- **PROBLEM TO SOLVE**
All of the data, word for word and free of pictures, is the expected result.
==== AVAILABLE DATA ====
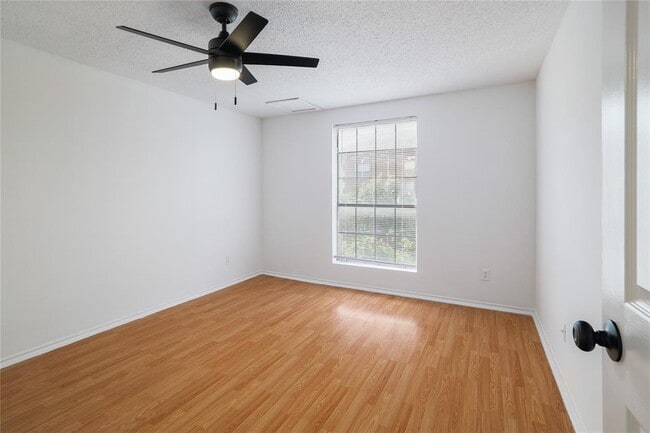 Photo - 2401 Leon St Unit 308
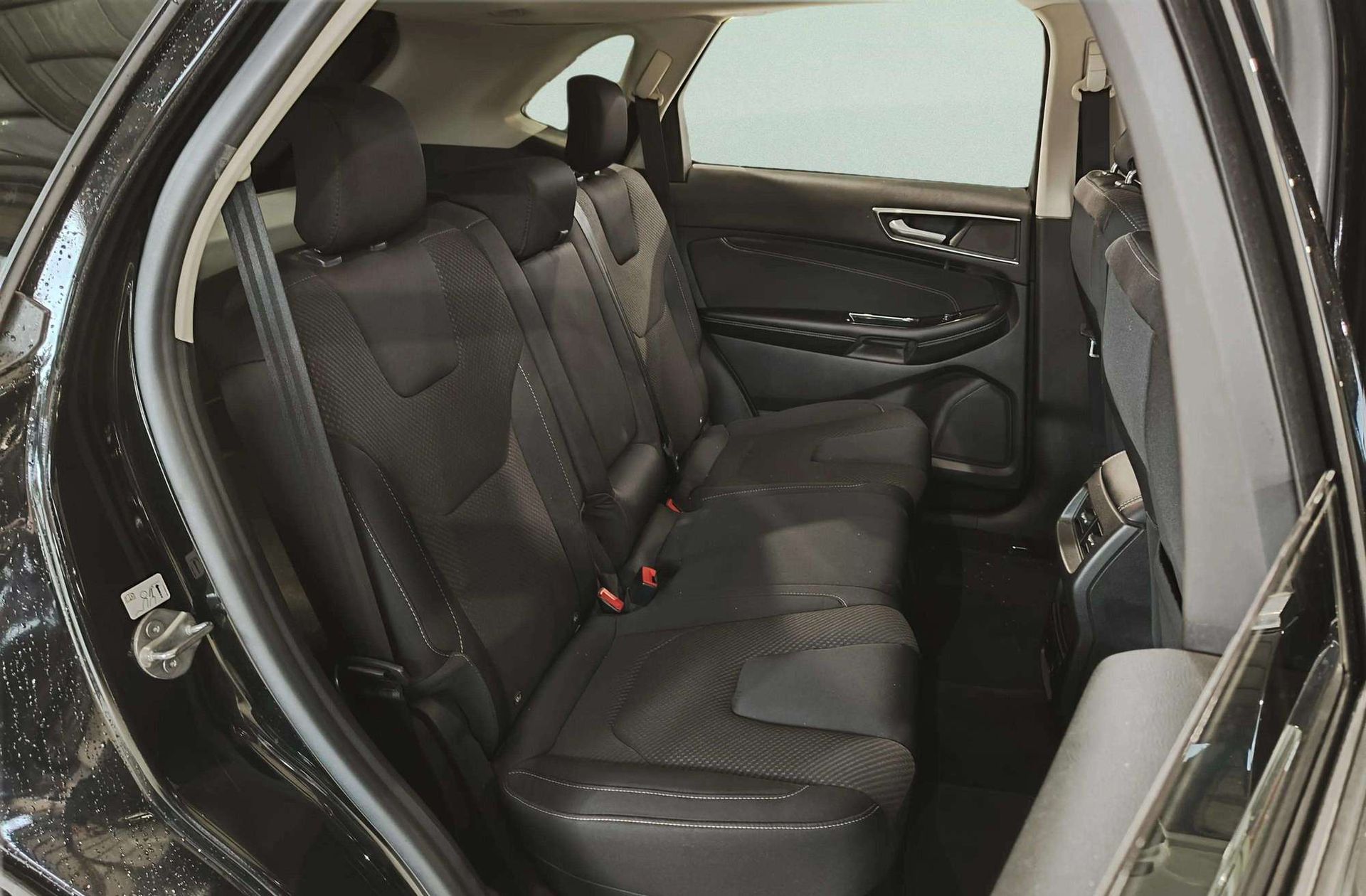 Ford Edge 2.0 TDCi Titanium 4WD PowerShift - foto 18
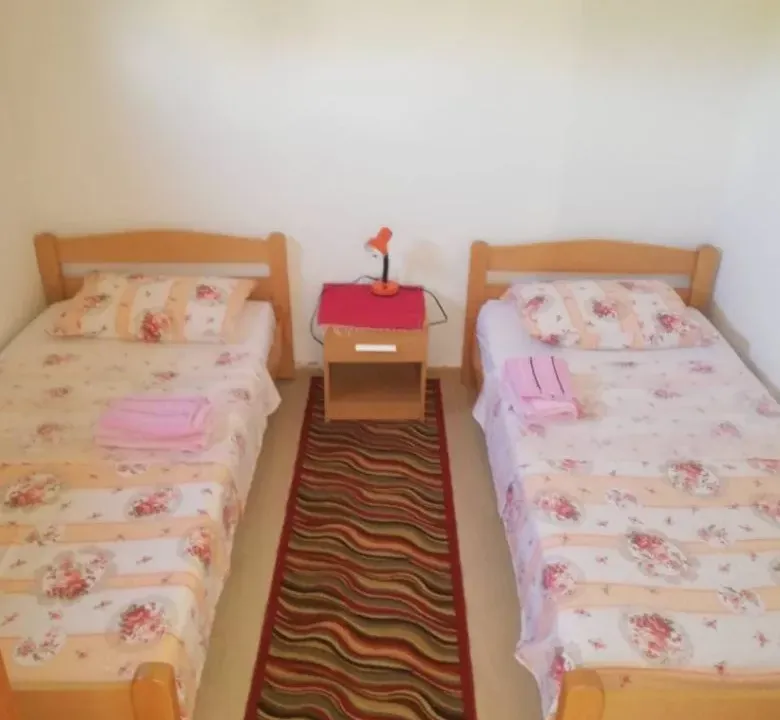 Izdavanje, jednosoban stan, 25m², Tivat, Crna Gora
====
- **SOLUTION TO THE PROBLEM**
 Photo - 2401 Leon St Unit 308
 Ford Edge 2.0 TDCi Titanium 4WD PowerShift - foto 18
 Izdavanje, jednosoban stan, 25m², Tivat, Crna Gora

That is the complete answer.